MATERIAL TO PROCESS ::
________

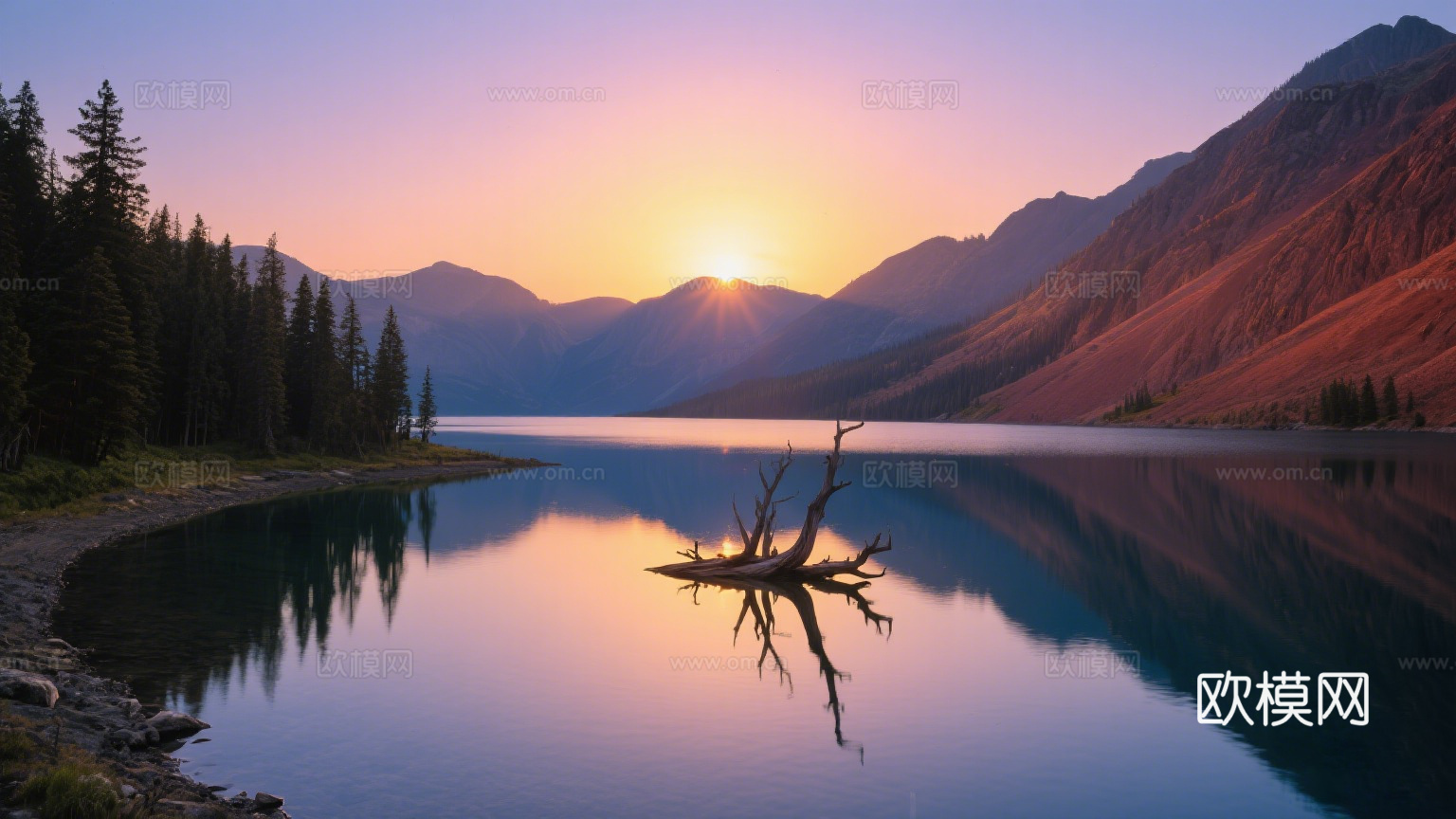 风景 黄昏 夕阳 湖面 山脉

________

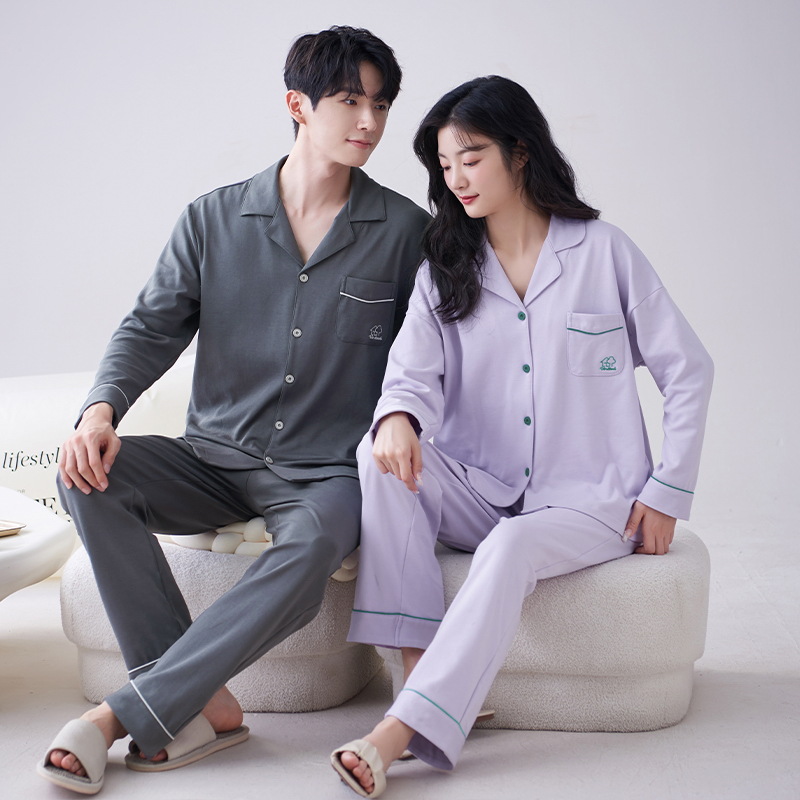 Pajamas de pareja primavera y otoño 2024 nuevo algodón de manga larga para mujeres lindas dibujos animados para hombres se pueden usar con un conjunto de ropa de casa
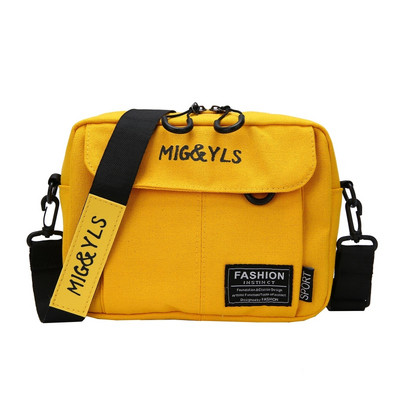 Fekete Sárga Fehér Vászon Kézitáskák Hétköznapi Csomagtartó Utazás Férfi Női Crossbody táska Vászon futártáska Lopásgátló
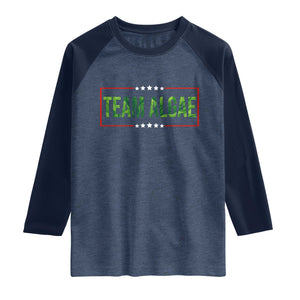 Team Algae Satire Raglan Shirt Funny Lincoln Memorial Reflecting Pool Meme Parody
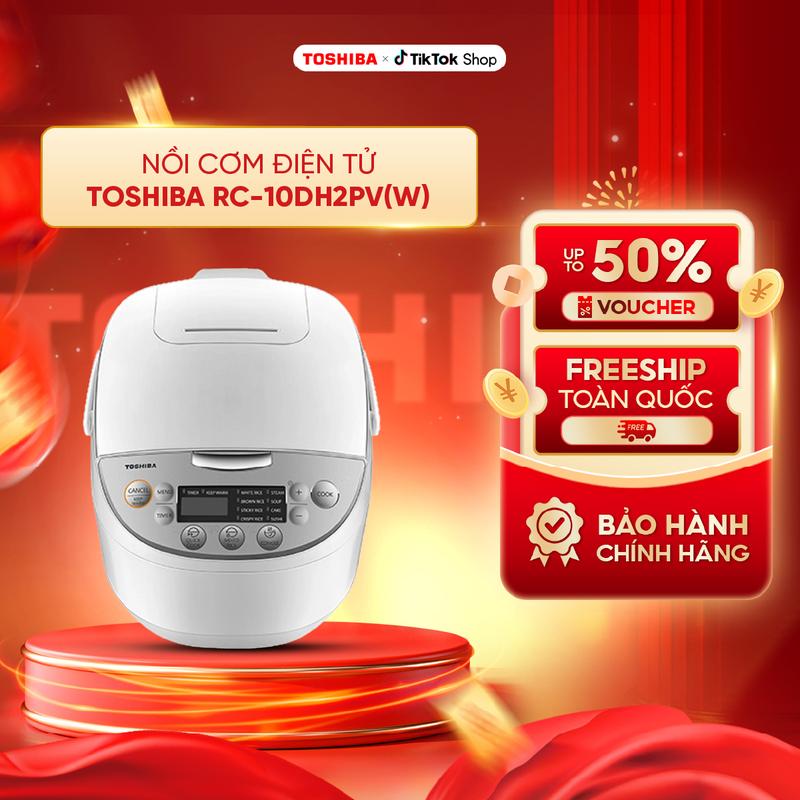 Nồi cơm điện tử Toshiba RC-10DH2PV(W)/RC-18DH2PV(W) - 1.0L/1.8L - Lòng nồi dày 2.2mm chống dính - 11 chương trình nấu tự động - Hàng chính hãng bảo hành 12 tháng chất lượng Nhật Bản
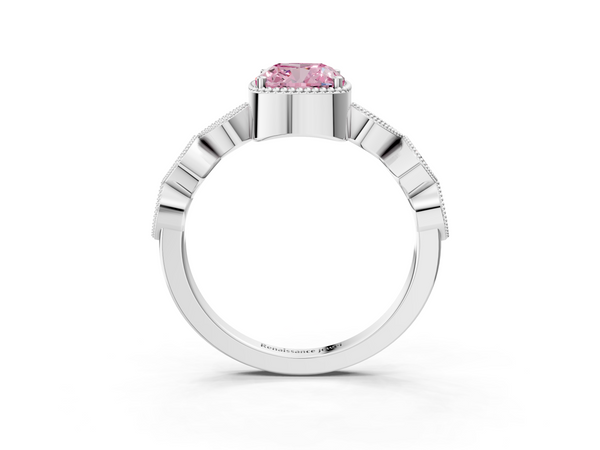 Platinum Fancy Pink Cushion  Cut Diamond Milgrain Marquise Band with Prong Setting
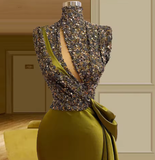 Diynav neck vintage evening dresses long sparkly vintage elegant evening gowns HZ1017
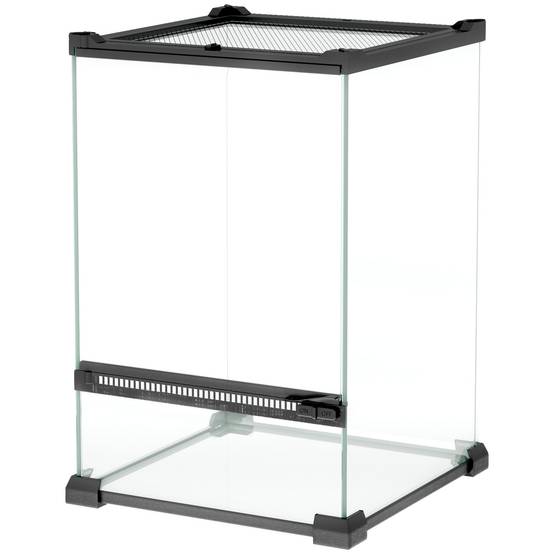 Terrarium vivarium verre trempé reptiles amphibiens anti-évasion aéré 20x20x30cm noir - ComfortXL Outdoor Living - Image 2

________

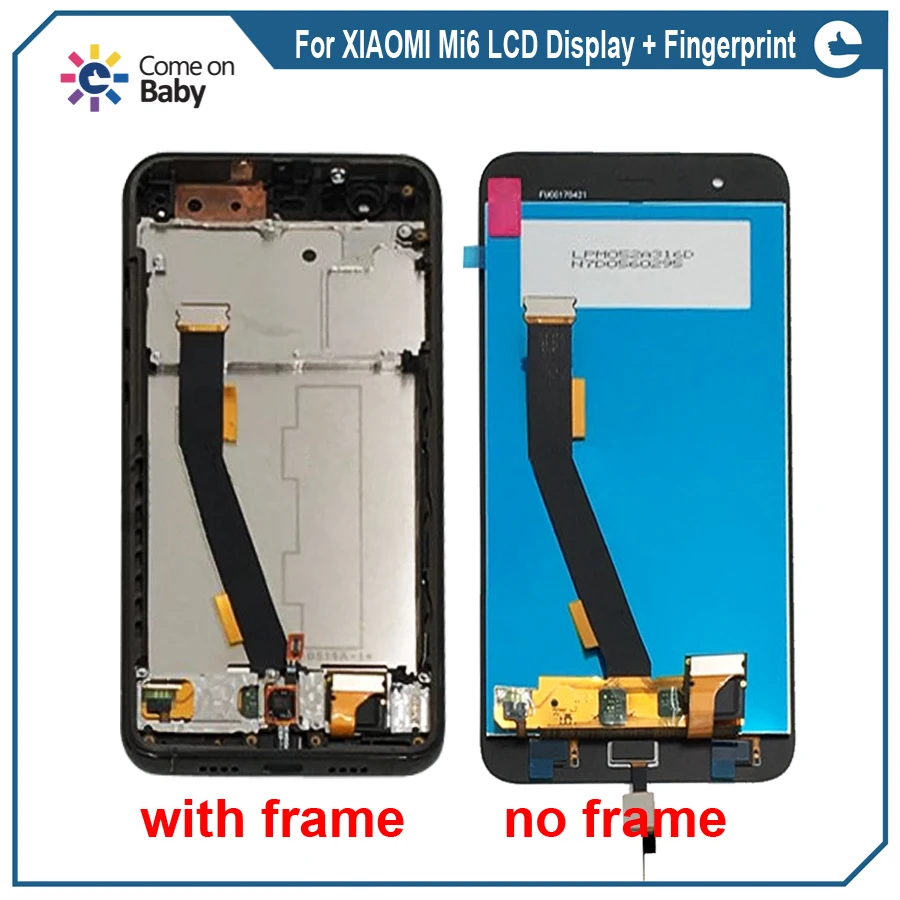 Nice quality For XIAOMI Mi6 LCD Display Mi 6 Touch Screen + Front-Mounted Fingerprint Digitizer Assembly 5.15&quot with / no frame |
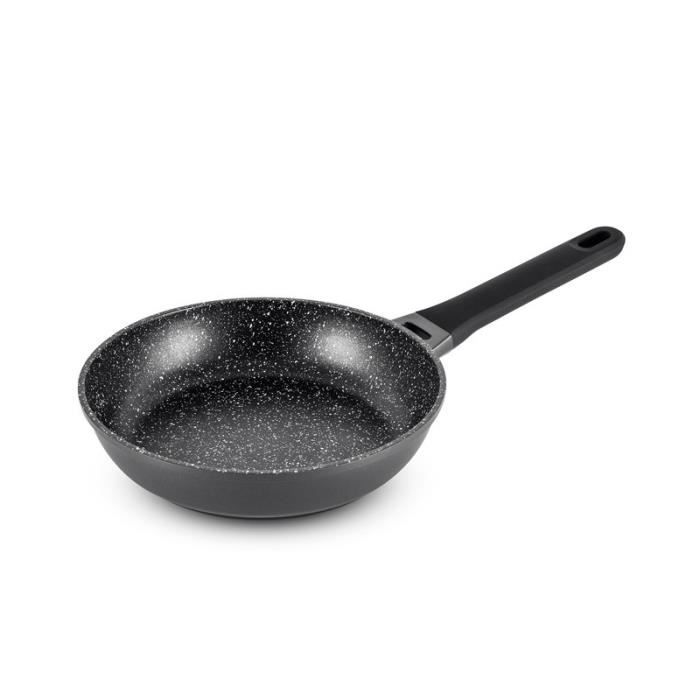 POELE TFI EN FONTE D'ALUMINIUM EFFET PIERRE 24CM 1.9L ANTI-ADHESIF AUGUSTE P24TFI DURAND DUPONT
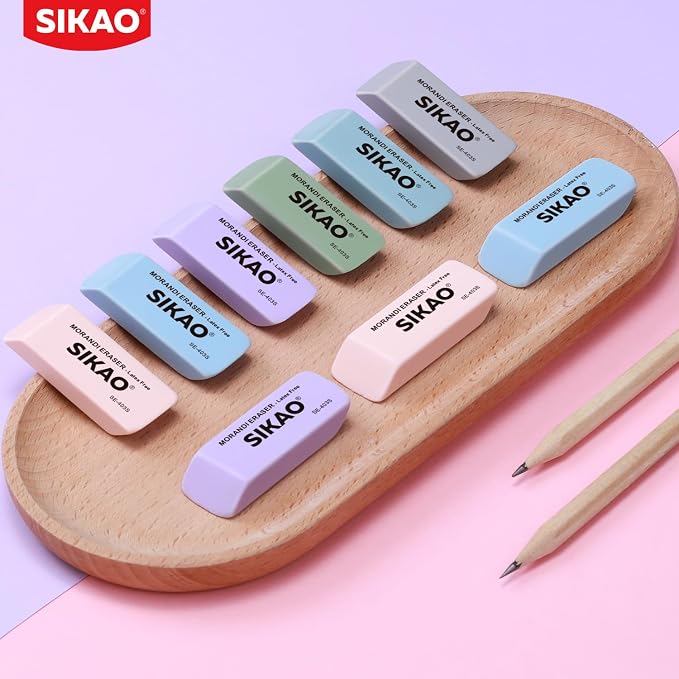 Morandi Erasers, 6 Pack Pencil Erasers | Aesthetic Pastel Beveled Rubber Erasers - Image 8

________

TASK ::
From the records above, copy only the lines running from the line holding "Team Algae Satire" through the line holding "Terrarium vivarium verre", with no pictures.

COMPLETED EXERCISE ::
 Team Algae Satire Raglan Shirt Funny Lincoln Memorial Reflecting Pool Meme Parody
 Nồi cơm điện tử Toshiba RC-10DH2PV(W)/RC-18DH2PV(W) - 1.0L/1.8L - Lòng nồi dày 2.2mm chống dính - 11 chương trình nấu tự động - Hàng chính hãng bảo hành 12 tháng chất lượng Nhật Bản
 Platinum Fancy Pink Cushion  Cut Diamond Milgrain Marquise Band with Prong Setting
 Diynav neck vintage evening dresses long sparkly vintage elegant evening gowns HZ1017
 Terrarium vivarium verre trempé reptiles amphibiens anti-évasion aéré 20x20x30cm noir - ComfortXL Outdoor Living - Image 2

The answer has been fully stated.